Available records: Begin

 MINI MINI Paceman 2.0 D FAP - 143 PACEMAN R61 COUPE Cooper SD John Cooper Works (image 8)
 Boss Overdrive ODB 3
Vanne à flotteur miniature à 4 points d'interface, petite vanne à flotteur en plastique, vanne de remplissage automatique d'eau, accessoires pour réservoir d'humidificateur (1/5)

Available records: End
Available records: Begin

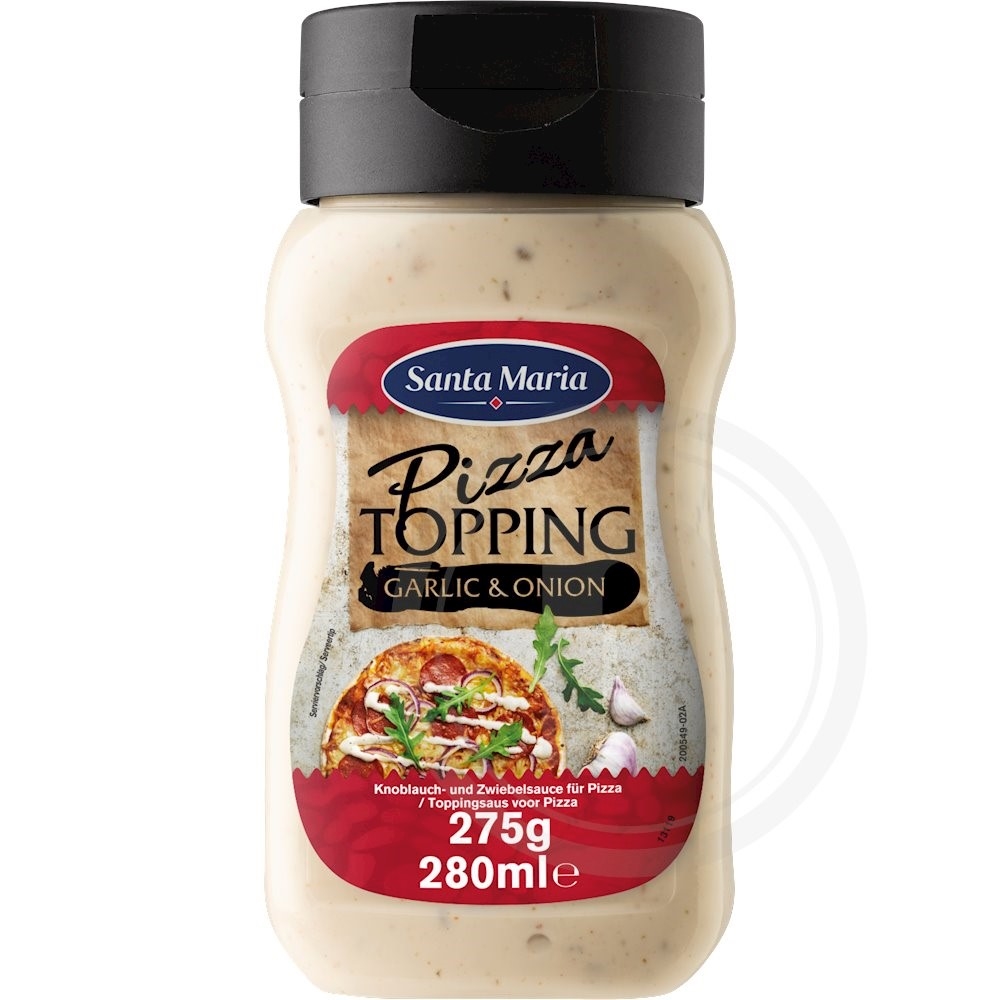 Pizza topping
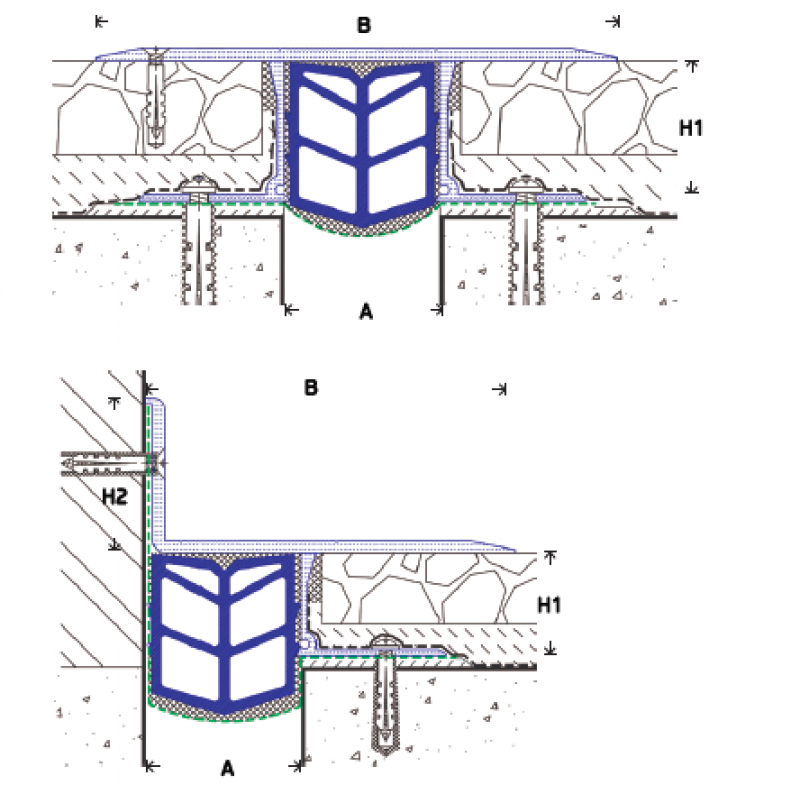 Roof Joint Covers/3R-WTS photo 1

Available records: End
Available records: Begin

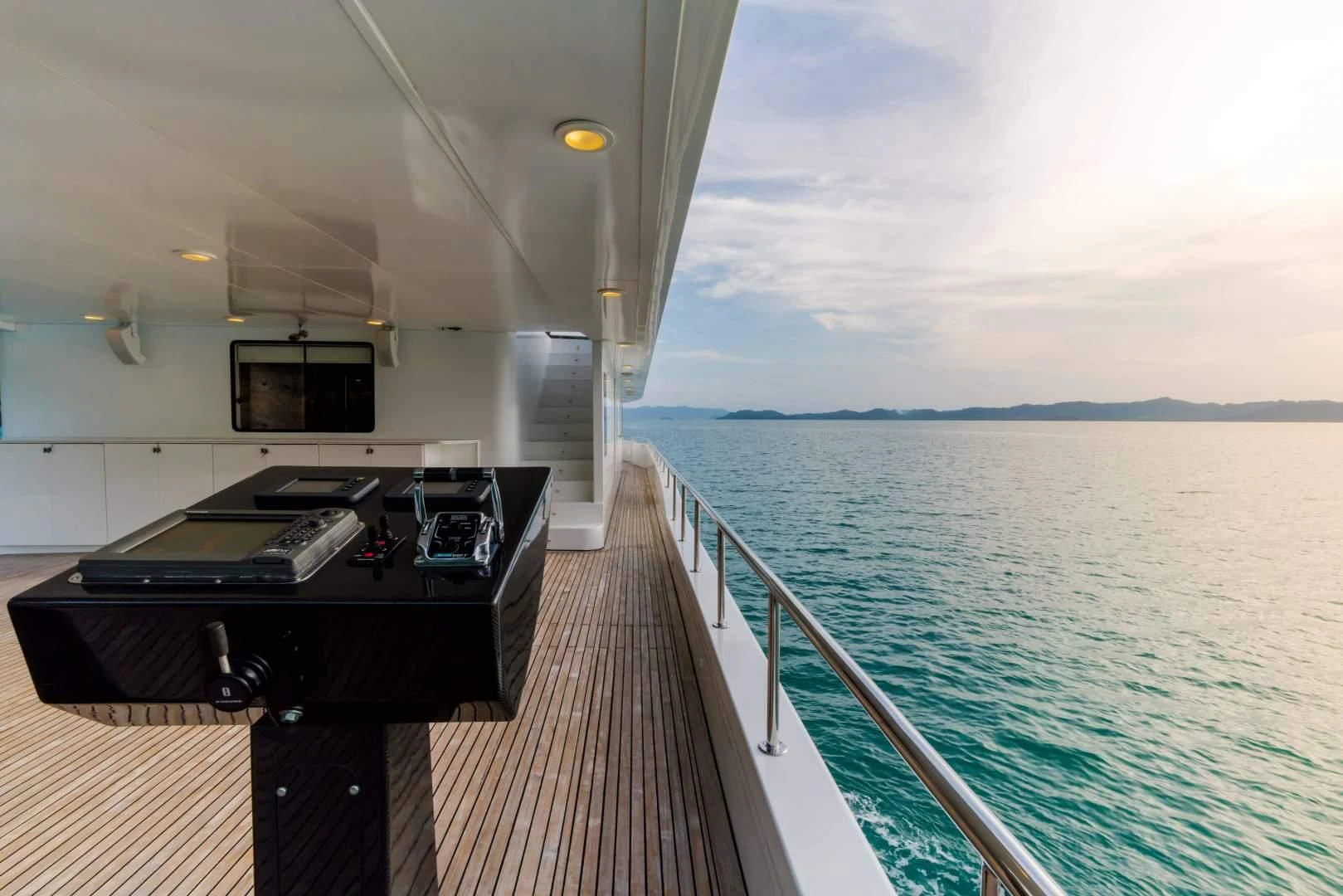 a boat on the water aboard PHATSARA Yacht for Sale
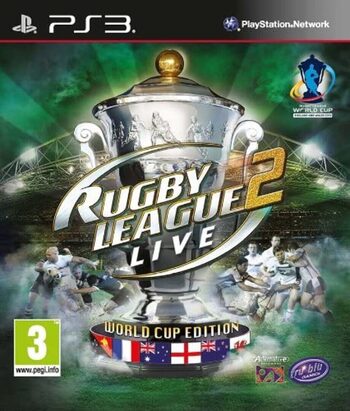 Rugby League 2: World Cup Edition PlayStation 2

Available records: End

All that is wanted is an exact copy of the lines above from the one with "Boss Overdrive ODB 3" through the one with "Vanne à flotteur miniature", with both ends included.

 Boss Overdrive ODB 3
Vanne à flotteur miniature à 4 points d'interface, petite vanne à flotteur en plastique, vanne de remplissage automatique d'eau, accessoires pour réservoir d'humidificateur (1/5)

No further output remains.